Hooke pioneered improvements in all sorts of equipment & instruments, such as barometers, clocks, pumps, telescopes, & microscopes.

Hooke & the Royal Society

Hooke, perhaps because of his humble background, was a notable omission from those fellows who founded the Royal Society in 1662. The Royal Society of London for Improving Natural Knowledge was formed as a public body to promote research. Hooke, thanks to the intervention of his old associate Boyle, did at least manage to creep into the back door of the society and gain an appointment as Curator of Experiments. The position also gave him sole custody of the keys to the society's library, and Hooke frequently abused this privilege by removing learned volumes and precious manuscripts for study in the comfort of his home.

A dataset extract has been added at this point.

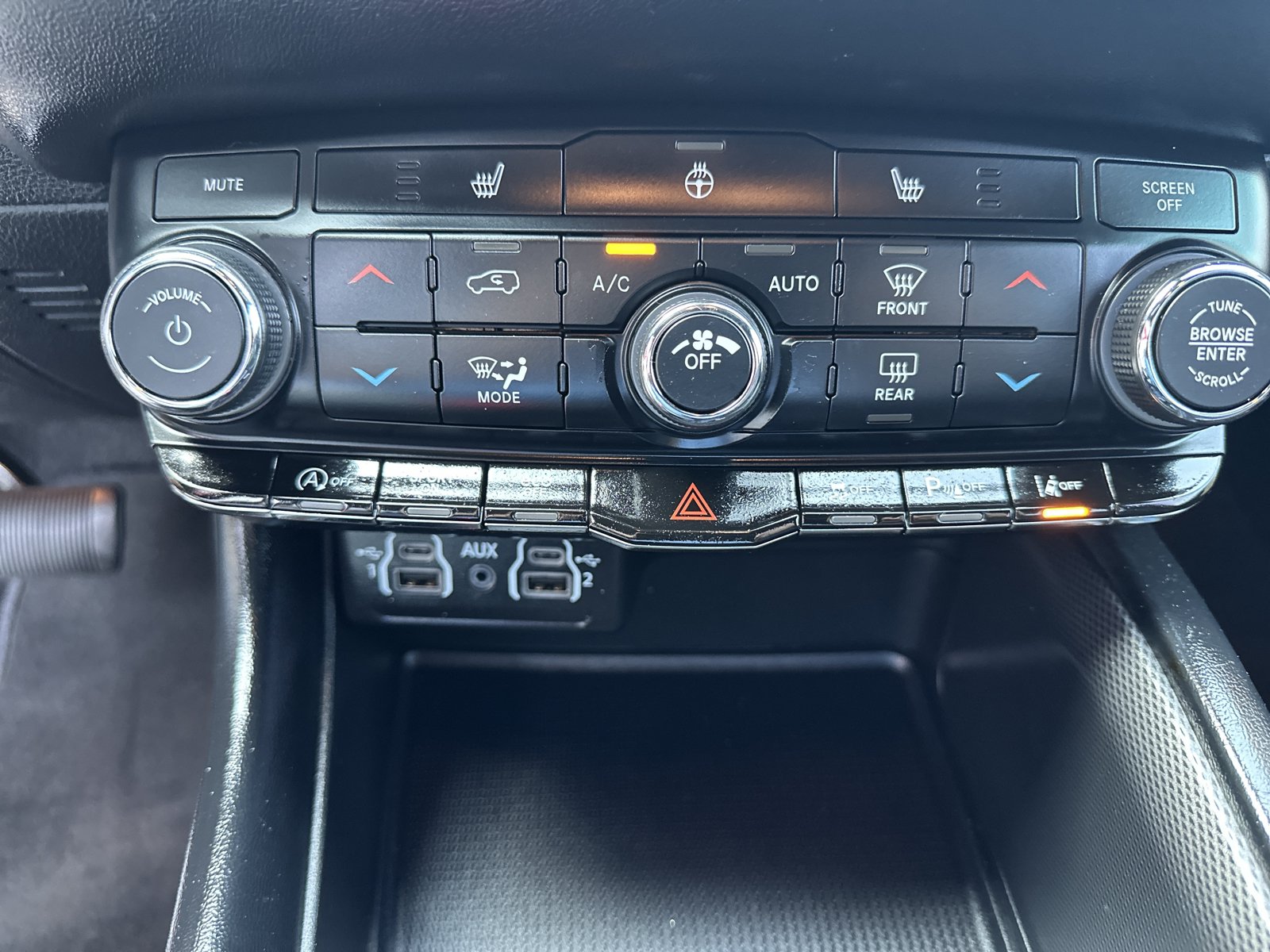 Used 2022 Dodge Durango GT RWD image 16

Like a squirrel that cannot remember where his nuts are buried, Hooke seems to have found great difficulty in returning these works to their rightful place and was frequently censured for his negligence. In 1663, the society finally consented to making Hooke a full fellow. Hooke was given paid lodgings at Gresham College in central London where, two years later, he was made Professor of Geometry (a position he held for the next 38 years). Hooke was clawing his way up the barbed ladder of academia even if he bore the added weight of not being an accomplished mathematician, which was then (and possibly still is) the expectation of any natural philosopher, that is, a great mind who can explain and predict the world around us. Still, Hooke remained undaunted, and between 1677 and 1682, he rose again to serve as secretary of the Royal Society.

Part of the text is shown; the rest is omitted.